- Opening Delimiter -

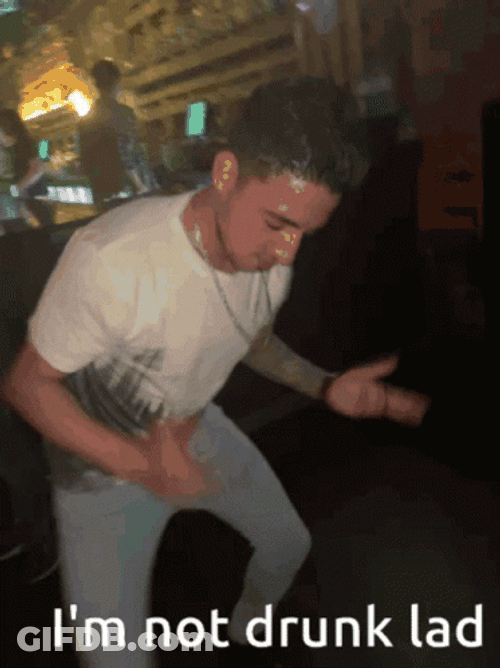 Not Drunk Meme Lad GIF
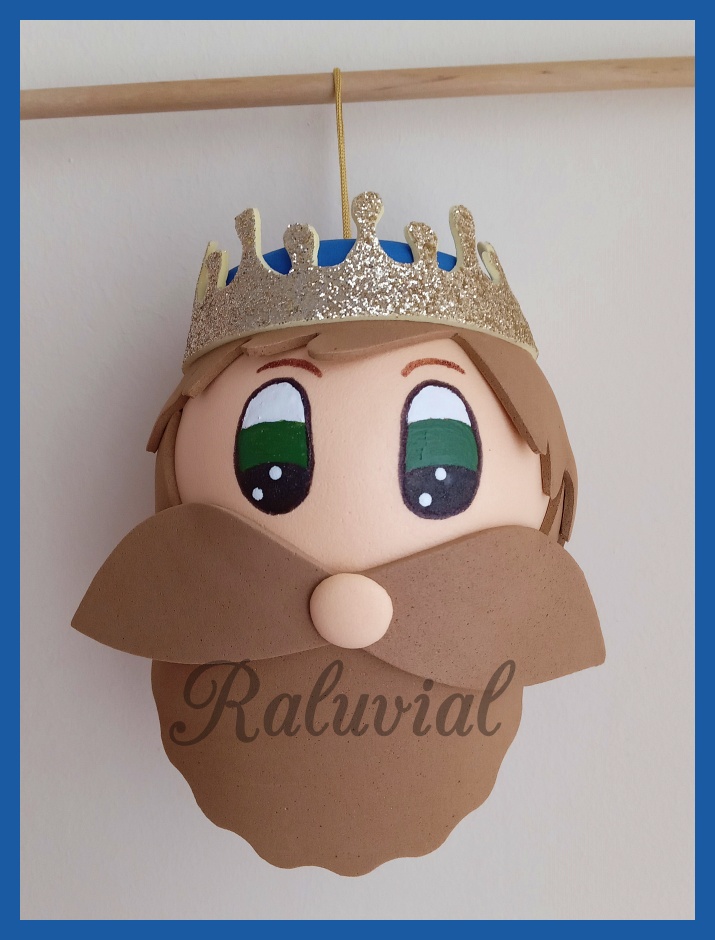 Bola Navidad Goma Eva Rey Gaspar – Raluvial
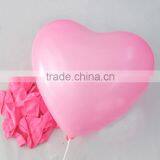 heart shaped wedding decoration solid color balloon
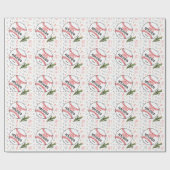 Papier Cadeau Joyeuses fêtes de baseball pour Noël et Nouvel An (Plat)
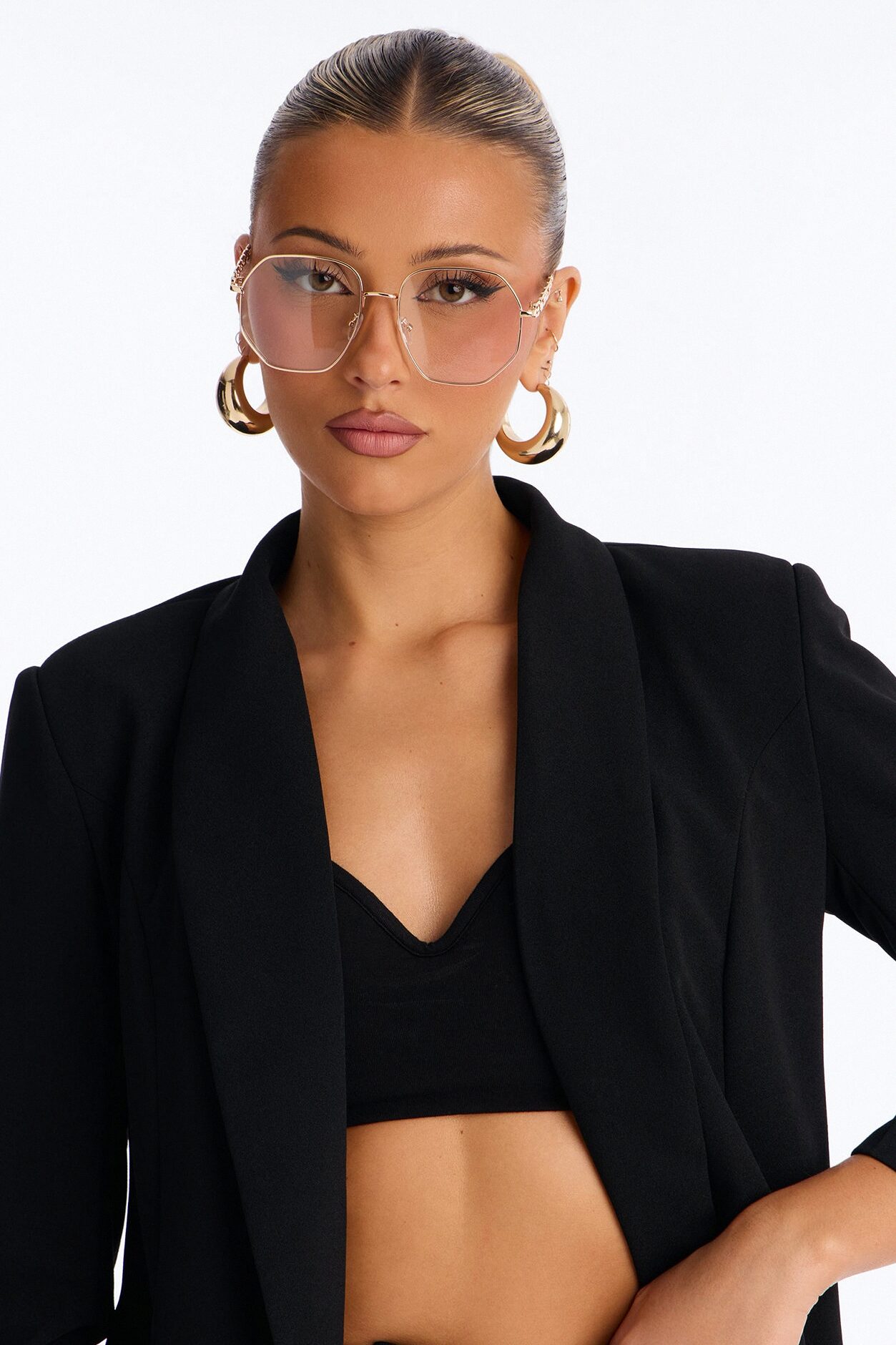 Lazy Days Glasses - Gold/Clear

- Closing Delimiter -
- Opening Delimiter -

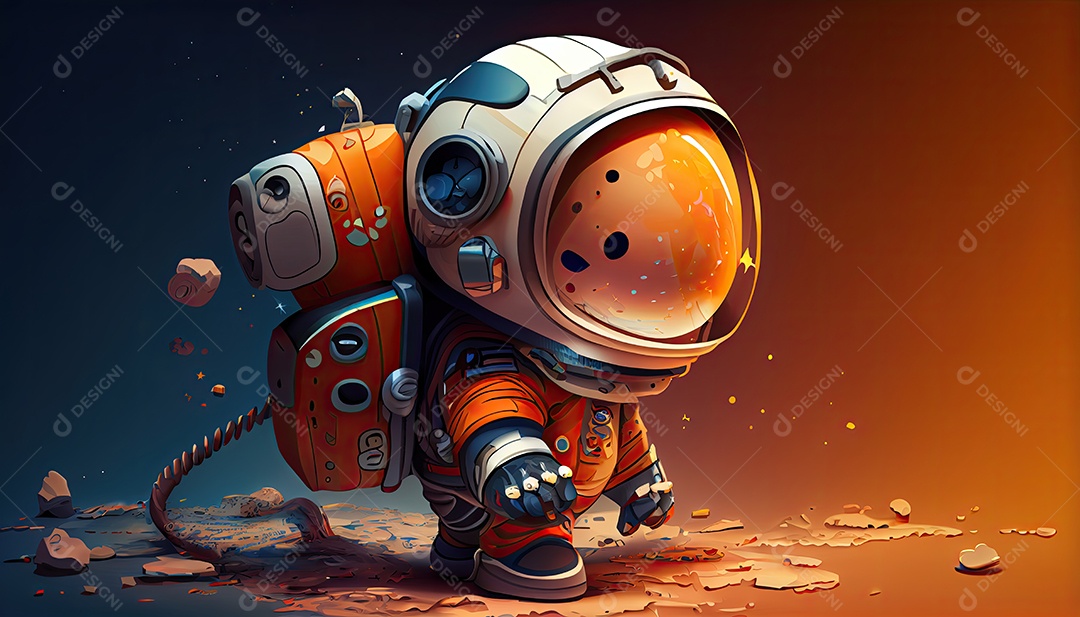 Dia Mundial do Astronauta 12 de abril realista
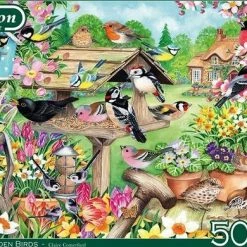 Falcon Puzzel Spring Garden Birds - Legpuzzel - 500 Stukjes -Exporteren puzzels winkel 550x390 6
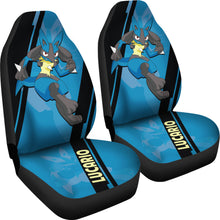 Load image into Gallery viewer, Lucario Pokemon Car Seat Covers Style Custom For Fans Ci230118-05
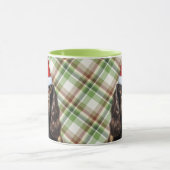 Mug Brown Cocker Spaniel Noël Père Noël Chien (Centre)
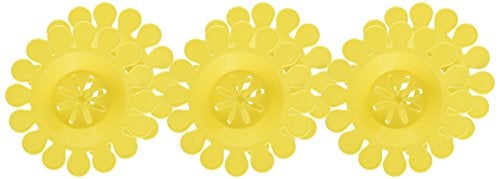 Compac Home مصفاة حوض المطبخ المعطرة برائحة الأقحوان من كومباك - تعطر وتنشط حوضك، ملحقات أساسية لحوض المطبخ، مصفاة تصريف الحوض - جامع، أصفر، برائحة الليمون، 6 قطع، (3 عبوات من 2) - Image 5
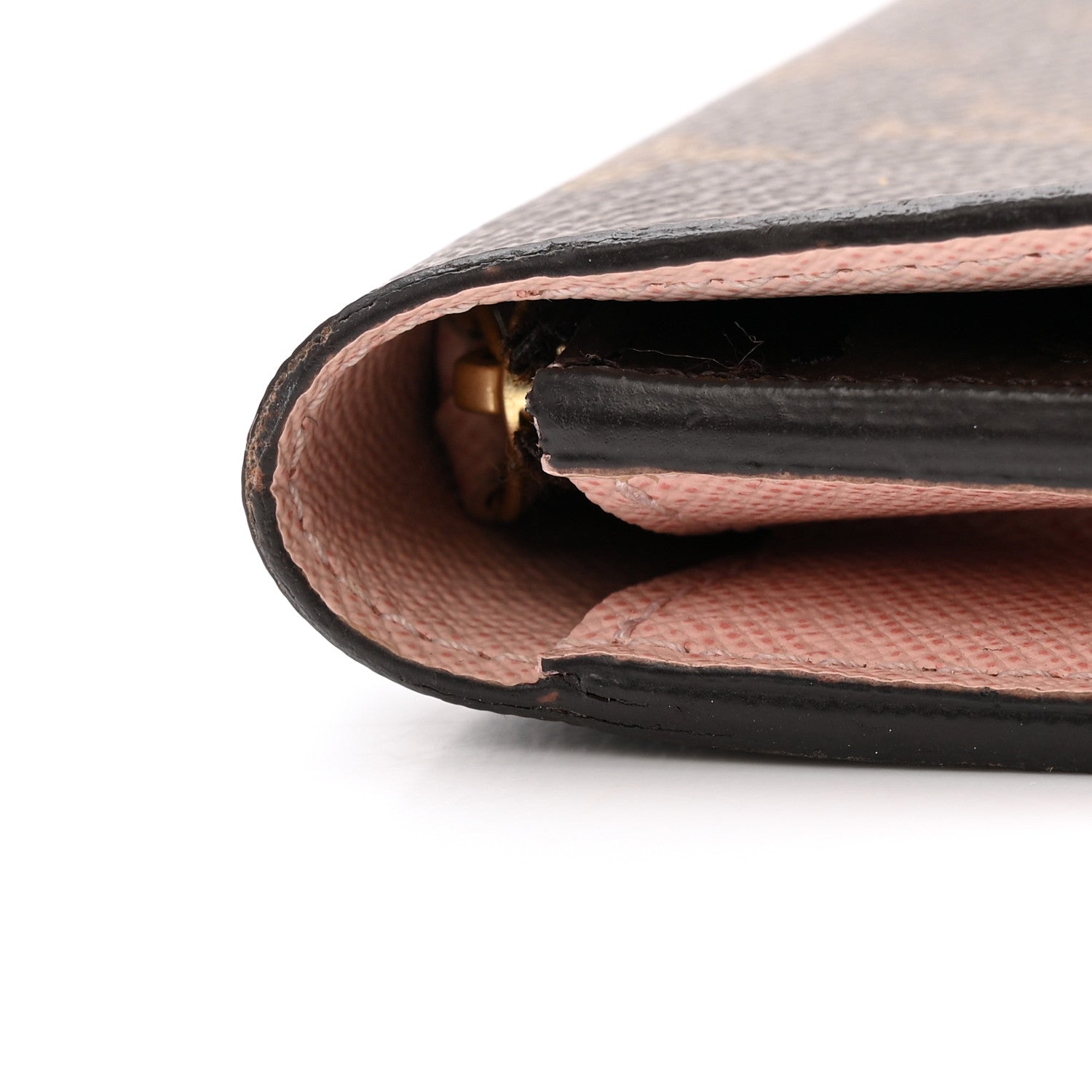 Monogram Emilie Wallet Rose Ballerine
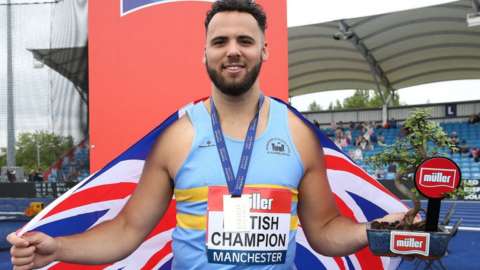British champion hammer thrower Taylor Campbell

- Closing Delimiter -
- Opening Delimiter -

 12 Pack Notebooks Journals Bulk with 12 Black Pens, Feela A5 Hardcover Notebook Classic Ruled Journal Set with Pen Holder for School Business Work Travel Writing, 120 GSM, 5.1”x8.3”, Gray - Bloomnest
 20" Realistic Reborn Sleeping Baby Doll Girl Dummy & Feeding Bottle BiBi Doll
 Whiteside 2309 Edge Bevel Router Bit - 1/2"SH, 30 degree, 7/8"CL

- Closing Delimiter -

#### Problem to solve
In the listing above, find the line containing "Papier Cadeau Joyeuses" and the line containing "Lazy Days Glasses - Gold/Clear", then output those two lines and everything between them exactly as written, without the images.

#### Output for this exercise
 Papier Cadeau Joyeuses fêtes de baseball pour Noël et Nouvel An (Plat)
 Lazy Days Glasses - Gold/Clear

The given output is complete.